Add 1/2 cup of the cheese to the larger amount of sauce, stirring until the cheese melts.
Beat egg whites in a small bowl with an electric mixer until soft peaks form. Beat egg yolks in a large bowl with same beaters until light and thick; about 3 minutes.
Beat a small amount of the hot sauce into the yolks, then slowly stir in the remainder until the mixture is well blended.
Stir a spoonful of the egg whites into the sauce, then fold in the remaining egg whiles until no streaks of white remain. Spread souffle mixture evenly in prepared pan.
Bake in a 325 degree oven for 45 minutes or until top is golden and springs back when lightly touched.
Cut broccoli flowerettes into 3" lengths, then cut into 1/2" pieces, reserving a few for garnish. Save remainder of stems for another meal. Cook broccoli in boiling salted water until tender; drain.

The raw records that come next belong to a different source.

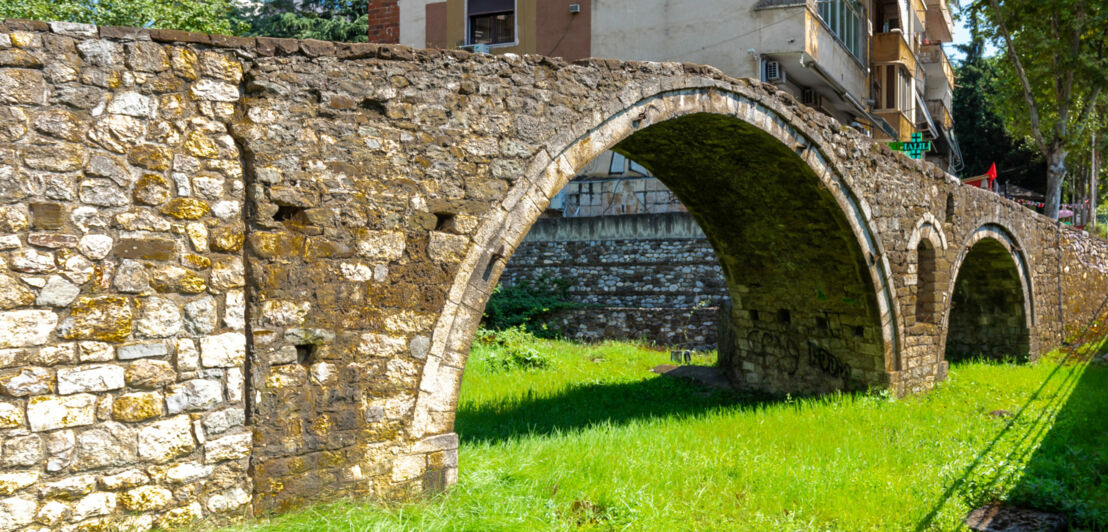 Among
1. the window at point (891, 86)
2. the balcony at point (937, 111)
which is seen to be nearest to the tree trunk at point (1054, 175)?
the window at point (891, 86)

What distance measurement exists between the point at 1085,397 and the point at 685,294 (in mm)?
7045

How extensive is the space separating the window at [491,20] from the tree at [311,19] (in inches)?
160

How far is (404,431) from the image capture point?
541cm

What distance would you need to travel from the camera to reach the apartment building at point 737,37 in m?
16.0

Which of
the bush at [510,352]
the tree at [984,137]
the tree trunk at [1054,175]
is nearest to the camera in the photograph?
the bush at [510,352]

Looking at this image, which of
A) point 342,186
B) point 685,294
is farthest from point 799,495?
point 685,294

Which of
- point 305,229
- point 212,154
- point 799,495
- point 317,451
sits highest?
point 212,154

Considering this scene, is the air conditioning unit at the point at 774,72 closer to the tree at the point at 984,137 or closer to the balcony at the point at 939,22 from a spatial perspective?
the balcony at the point at 939,22

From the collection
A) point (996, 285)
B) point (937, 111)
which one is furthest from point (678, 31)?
point (937, 111)

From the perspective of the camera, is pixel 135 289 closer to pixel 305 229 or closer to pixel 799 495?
pixel 305 229

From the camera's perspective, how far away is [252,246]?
16.2ft

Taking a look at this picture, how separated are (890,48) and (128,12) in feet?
52.3

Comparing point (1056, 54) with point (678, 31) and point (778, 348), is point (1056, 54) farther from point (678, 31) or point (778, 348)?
point (778, 348)

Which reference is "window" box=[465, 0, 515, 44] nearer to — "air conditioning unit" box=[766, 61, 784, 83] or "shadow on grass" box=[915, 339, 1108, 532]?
"air conditioning unit" box=[766, 61, 784, 83] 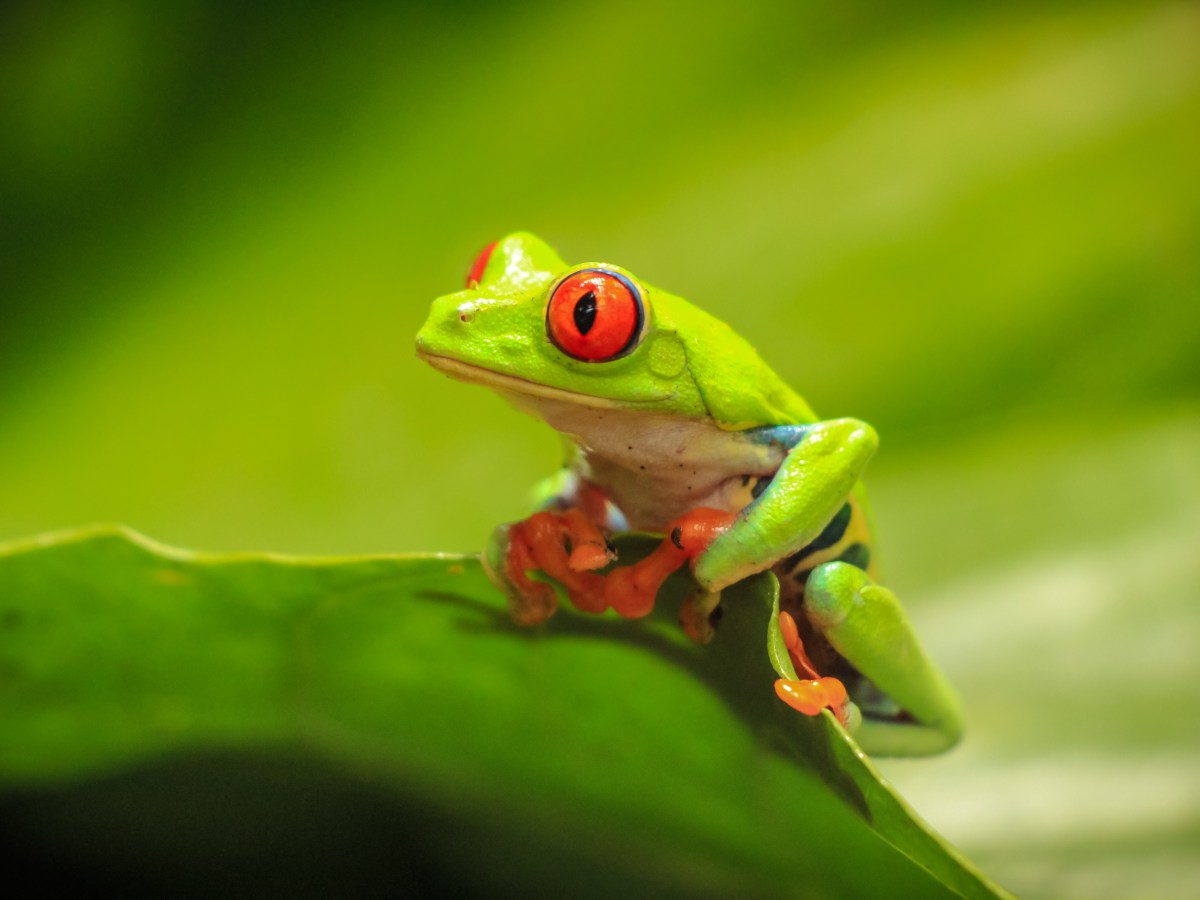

Stir dry mustrard, 1/2 cup of the cheese and the remaining 1/2 cup milk into the reserved sauce in the small saucepan. Stir over low heat until cheese melts.
Remove souffle from oven, loosen around edges with spatula. Cover a cookie sheet with foil; invert over souffle. Invert souffle; remove jelly roll pan and layer of foil carefully.
Spread broccoli evenly over souffle and sprinkle with remaining 1/2 cup cheese. Drizzle with 1/2 cup of the sauce. Starting at the 10" side, roll souffle, jelly roll style, lifting foil to guide it. Lift roll onto heated platter with two wide spatulas.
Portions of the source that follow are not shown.